To develop and identify machine learning (ML) models using pretreatment clinical and 2-deoxy-2-[18F]fluoro-D-glucose positron emission tomography ([18F]-FDG-PET)-based radiomic characteristics to predict disease recurrences in patients with breast cancers who underwent surgery. This retrospective study included 112 patients with 118 breast cancer lesions who underwent [18F]-FDG-PET/ X-ray computed tomography (CT) preoperatively, and these lesions were assigned to training (n=95) and testing (n=23) cohorts. A total of 12 clinical and 40 [18F]-FDG-PET-based radiomic characteristics were used to predict recurrences using 7 different ML algorithms, namely, decision tree, random forest (RF), neural network, k-nearest neighbors, naive Bayes, logistic regression, and support vector machine (SVM) with a 10-fold cross-validation and synthetic minority over-sampling technique. Three different ML models were created using clinical characteristics (clinical ML models), radiomic characteristics (radiomic ML models), and both clinical and radiomic characteristics (combined ML models). Each ML model was constructed using the top ten characteristics ranked by the decrease in Gini impurity. The areas under ROC curves (AUCs) and accuracies were used to compare predictive performances. In training cohorts, all 7 ML algorithms except for logistic regression algorithm in the radiomics ML model (AUC = 0.760) achieved AUC values of >0.80 for predicting recurrences with clinical (range, 0.892-0.999), radiomic (range, 0.809-0.984), and combined (range, 0.897-0.999) ML models.

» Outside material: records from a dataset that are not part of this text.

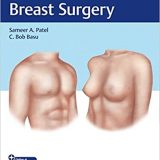 (eBook PDF)Cosmetic Breast Surgery [Sameer A. Patel] by Sameer Patel , C. Bob Basu  Thieme; 1 edition (July 24, 2020)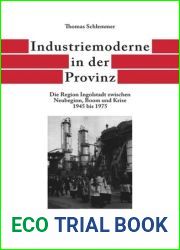Bayern im Bund. Band 6 Industriemoderne in der Provinz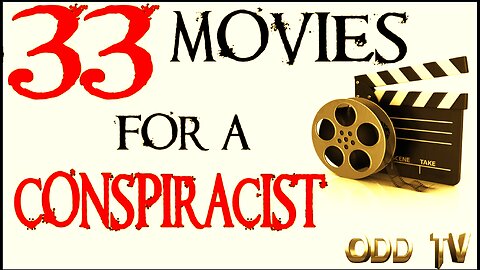 33 CONSPIRACY MOVIES - ODD TV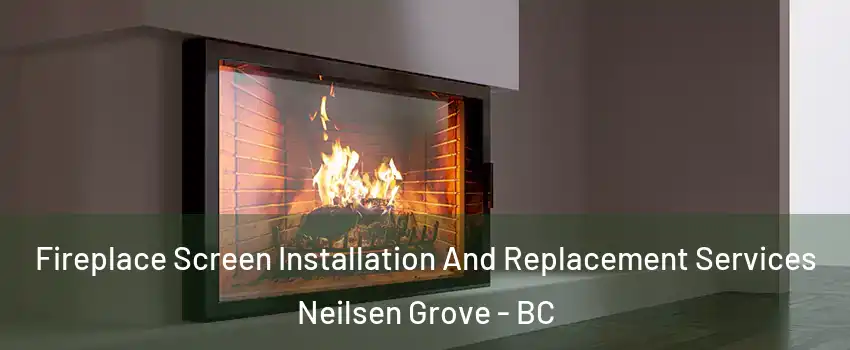  Fireplace Screen Installation And Replacement Services Neilsen Grove - BC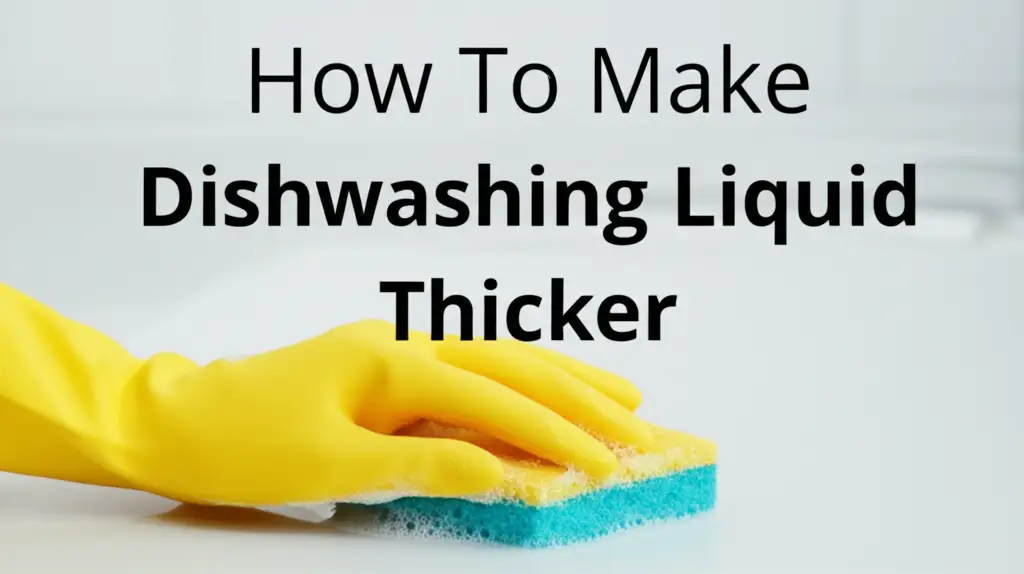 How To Make Dishwashing Liquid Thicker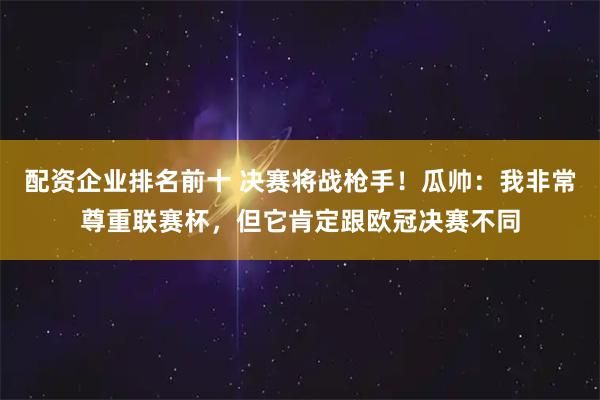 配资企业排名前十 决赛将战枪手！瓜帅：我非常尊重联赛杯，但它肯定跟欧冠决赛不同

In testing cohorts, the RF algorithm of combined ML model achieved the highest AUC and accuracy (95.7% (22/23)) with similar classification performance between training and testing cohorts (AUC: training cohort, 0.999; testing cohort, 0.992). The important characteristics for modeling process of this RF algorithm were radiomic GLZLM_ZLNU and AJCC stage. ML analyses using both clinical and [18F]-FDG-PET-based radiomic characteristics may be useful for predicting recurrence in patients with breast cancers who underwent surgery.